Biography
Wole Soyinka was born into a Yoruba family in Abeokuta, specifically, a Remo family from Isara-Remo on July 13, 1934. He is a Nigerian writer, poet and playwright. He was awarded the 1986 Nobel Prize in Literature, where he was recognised as a man "who in a wide cultural perspective and with poetic overtones fashions the drama of existence", and became the first African to be so honoured. In 1994, he was designated UNESCO (United Nations Educational, Scientific and Cultural Organization) Goodwill Ambassador for the promotion of African culture, human rights, freedom of expression, media and communication.
His father was Christian Clergy, Canon SA Soyinka. He received a primary school education in Abeokuta and attended secondary school at Government College, Ibadan. He then studied at the University College, Ibadan (1952–1954) where he founded the pyrates confraternity (an anti-corruption and justice seeking student organization) and the University of Leeds (1954–1957) from which he received a First class honours degree in English Literature. He worked as a play reader at the Royal Court Theatre in London before returning to Nigeria to study African drama. He taught in the Universities of Lagos, Ibadan, and Ife (now Obafemi Awolowo University, Ile-Ife). He became a Professor of Comparative Literature at the then University of Ife in 1975. He is currently an Emeritus Professor at the same university.
Soyinka has played an active role in Nigeria's political history. In 1965, he made a broadcast demanding the cancellation of the rigged Western Nigeria Regional Elections following his seizure of the Western Nigeria Broadcasting Service studio. He was arrested, arraigned but freed on a technicality by Justice Esho.
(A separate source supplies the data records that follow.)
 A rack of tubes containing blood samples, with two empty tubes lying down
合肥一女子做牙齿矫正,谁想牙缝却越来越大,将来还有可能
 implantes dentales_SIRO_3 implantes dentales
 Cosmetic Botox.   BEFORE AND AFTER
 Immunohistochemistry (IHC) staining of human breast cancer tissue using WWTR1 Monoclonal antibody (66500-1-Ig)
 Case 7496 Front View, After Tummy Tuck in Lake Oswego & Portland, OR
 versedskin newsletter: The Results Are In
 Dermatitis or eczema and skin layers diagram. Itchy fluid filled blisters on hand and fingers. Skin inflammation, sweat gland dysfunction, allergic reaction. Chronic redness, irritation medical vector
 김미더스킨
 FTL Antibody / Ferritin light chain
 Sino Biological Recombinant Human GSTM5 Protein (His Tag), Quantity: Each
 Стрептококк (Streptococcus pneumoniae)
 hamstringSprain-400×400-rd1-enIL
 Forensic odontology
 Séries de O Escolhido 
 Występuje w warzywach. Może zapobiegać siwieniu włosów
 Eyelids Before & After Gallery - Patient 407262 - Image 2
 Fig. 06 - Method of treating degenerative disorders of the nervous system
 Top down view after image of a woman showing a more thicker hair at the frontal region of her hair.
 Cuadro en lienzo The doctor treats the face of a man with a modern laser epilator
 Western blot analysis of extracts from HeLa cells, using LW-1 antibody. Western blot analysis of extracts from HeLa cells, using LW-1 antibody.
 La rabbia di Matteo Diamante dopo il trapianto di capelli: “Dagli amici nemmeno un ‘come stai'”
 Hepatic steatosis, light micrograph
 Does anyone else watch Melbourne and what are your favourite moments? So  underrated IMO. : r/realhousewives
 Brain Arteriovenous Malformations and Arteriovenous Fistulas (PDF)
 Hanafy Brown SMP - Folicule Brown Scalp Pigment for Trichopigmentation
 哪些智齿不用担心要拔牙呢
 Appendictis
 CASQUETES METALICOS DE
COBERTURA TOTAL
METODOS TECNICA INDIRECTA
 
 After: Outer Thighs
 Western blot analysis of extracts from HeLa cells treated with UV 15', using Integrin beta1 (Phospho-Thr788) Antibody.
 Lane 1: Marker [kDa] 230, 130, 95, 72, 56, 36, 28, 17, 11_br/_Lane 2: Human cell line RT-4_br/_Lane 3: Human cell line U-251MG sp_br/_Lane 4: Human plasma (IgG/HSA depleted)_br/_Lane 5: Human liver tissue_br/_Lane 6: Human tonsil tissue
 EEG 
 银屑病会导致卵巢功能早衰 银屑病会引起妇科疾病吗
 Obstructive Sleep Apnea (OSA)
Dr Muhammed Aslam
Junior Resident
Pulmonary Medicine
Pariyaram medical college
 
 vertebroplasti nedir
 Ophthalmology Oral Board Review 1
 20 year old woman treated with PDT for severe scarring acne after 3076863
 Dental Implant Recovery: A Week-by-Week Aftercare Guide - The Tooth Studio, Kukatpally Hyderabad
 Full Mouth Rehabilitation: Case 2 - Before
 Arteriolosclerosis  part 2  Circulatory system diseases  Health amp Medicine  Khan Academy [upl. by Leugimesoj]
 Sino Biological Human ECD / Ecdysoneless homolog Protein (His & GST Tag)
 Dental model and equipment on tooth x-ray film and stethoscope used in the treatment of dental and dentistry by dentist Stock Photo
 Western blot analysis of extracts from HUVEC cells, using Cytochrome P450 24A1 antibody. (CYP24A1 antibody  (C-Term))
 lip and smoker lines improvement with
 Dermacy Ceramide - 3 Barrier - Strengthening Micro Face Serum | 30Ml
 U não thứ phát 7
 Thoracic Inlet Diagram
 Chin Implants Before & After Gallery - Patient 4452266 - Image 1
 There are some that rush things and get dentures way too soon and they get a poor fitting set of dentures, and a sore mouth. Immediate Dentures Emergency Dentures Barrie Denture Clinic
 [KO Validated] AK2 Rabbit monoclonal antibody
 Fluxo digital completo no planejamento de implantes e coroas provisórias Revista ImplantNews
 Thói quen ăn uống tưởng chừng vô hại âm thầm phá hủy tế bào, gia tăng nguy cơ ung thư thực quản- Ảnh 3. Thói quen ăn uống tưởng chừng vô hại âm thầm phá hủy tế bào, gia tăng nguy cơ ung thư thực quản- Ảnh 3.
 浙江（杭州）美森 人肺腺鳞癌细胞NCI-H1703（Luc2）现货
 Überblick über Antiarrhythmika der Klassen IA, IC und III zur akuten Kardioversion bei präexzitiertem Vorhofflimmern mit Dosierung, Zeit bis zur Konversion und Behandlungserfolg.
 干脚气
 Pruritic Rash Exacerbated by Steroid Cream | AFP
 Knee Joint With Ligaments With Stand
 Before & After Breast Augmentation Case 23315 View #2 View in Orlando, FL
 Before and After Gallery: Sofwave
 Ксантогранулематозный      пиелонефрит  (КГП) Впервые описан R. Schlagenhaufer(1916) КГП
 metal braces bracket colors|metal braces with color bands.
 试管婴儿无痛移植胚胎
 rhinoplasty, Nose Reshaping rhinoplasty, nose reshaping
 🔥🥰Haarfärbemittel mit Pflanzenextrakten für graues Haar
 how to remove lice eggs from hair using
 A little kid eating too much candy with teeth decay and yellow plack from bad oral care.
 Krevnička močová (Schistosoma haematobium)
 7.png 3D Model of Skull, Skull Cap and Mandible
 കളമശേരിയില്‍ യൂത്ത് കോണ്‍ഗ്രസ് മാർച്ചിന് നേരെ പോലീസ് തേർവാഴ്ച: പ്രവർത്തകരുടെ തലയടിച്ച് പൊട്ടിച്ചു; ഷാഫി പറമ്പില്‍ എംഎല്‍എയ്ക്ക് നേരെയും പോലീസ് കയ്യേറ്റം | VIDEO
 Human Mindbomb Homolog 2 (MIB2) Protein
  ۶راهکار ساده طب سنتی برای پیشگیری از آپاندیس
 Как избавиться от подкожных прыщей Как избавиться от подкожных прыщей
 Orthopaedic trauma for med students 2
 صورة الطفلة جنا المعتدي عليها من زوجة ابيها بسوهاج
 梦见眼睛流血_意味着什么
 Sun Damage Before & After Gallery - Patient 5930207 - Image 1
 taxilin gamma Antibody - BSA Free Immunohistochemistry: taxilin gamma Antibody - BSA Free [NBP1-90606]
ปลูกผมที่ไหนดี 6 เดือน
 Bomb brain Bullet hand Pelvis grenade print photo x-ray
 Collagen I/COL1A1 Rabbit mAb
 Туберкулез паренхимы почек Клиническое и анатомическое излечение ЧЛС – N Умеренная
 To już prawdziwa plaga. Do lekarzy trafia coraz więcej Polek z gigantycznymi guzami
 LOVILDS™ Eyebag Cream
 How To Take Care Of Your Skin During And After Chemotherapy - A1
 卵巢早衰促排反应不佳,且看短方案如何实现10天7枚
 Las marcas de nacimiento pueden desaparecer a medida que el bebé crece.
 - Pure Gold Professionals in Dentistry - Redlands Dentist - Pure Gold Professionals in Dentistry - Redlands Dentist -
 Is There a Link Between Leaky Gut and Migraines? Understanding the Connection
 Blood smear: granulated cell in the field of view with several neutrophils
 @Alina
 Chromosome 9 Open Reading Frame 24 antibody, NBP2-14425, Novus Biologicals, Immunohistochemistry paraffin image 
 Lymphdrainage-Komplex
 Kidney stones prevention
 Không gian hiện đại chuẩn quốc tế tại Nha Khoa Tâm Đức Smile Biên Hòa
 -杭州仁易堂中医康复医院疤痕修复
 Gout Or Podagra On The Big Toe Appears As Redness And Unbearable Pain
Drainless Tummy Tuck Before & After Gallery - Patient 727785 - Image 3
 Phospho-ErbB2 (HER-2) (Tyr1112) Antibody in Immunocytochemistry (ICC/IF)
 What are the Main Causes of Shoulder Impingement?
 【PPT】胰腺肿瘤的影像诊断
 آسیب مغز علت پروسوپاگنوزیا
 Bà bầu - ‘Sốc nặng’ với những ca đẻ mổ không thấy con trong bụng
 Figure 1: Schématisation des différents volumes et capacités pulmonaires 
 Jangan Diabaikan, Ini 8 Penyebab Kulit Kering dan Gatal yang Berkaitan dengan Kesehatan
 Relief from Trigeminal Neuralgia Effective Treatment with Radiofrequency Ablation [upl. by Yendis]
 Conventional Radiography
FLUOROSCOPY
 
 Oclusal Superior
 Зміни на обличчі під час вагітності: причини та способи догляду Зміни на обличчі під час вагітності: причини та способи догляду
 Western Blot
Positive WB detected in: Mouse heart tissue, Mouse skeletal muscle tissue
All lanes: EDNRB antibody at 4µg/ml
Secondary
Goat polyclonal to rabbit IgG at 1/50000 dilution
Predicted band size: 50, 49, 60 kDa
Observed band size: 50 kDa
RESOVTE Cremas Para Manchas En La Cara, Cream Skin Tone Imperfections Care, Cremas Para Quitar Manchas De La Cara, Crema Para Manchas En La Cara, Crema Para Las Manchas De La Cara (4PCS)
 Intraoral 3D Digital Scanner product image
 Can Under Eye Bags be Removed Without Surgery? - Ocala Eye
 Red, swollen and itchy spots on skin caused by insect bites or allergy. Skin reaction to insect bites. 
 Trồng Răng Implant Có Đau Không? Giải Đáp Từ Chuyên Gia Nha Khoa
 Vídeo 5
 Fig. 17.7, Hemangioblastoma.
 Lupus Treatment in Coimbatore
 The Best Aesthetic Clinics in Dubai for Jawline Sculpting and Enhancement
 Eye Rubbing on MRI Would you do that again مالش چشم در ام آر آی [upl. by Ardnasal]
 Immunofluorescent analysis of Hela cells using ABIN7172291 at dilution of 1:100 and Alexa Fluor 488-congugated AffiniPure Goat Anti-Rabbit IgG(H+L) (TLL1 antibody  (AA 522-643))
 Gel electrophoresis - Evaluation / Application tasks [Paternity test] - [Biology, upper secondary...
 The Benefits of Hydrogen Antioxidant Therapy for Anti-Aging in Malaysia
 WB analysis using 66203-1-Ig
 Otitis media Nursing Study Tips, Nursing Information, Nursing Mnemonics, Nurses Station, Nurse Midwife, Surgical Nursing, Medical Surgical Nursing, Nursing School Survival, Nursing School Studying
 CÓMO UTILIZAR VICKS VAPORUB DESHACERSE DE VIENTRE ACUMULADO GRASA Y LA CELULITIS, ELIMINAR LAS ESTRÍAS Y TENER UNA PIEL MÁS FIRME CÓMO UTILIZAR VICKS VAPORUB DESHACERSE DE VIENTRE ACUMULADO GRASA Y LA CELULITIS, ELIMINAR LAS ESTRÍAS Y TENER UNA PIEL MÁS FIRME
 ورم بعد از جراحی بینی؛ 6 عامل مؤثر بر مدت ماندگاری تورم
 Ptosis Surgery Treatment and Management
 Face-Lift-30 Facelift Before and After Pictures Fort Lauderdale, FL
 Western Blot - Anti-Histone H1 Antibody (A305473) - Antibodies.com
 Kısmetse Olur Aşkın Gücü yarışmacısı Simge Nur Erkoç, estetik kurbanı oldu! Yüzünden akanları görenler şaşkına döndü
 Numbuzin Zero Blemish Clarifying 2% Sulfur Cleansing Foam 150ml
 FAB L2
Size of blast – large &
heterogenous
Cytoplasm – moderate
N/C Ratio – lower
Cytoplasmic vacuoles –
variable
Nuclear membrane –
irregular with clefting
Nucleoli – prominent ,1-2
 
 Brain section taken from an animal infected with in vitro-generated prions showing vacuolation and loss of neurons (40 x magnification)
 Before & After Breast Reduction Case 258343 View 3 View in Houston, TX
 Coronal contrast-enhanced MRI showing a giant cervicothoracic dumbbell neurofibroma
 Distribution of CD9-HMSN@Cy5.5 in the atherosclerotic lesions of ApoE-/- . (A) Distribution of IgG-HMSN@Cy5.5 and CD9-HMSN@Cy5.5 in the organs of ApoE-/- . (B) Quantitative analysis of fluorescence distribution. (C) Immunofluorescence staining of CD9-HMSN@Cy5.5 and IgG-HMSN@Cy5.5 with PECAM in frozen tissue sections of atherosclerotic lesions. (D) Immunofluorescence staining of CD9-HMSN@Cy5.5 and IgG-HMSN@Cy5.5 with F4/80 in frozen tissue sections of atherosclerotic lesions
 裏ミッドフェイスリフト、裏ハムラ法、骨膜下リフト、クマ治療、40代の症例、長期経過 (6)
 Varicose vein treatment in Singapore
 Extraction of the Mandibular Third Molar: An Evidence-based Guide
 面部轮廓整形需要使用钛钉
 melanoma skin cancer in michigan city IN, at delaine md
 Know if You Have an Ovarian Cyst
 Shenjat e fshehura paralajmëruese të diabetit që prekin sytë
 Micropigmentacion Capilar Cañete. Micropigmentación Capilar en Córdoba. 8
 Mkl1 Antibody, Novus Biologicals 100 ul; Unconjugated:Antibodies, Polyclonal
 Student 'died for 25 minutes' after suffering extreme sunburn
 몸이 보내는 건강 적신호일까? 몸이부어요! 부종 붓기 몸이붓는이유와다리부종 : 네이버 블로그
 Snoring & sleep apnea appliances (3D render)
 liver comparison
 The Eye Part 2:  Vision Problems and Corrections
In 1967, during the Nigerian Civil War he was arrested by the Federal Government of General Yakubu Gowon and put in solitary confinement for his attempts at brokering a peace between the warring Nigerian and Biafran parties. While in prison he wrote poetry on tissue paper which was published in a collection titled Poems from Prison. He was released 22 months later after international attention was drawn to his unwarranted imprisonment. His experiences in prison are recounted in his book The Man Died: Prison Notes of Wole Soyinka (1972).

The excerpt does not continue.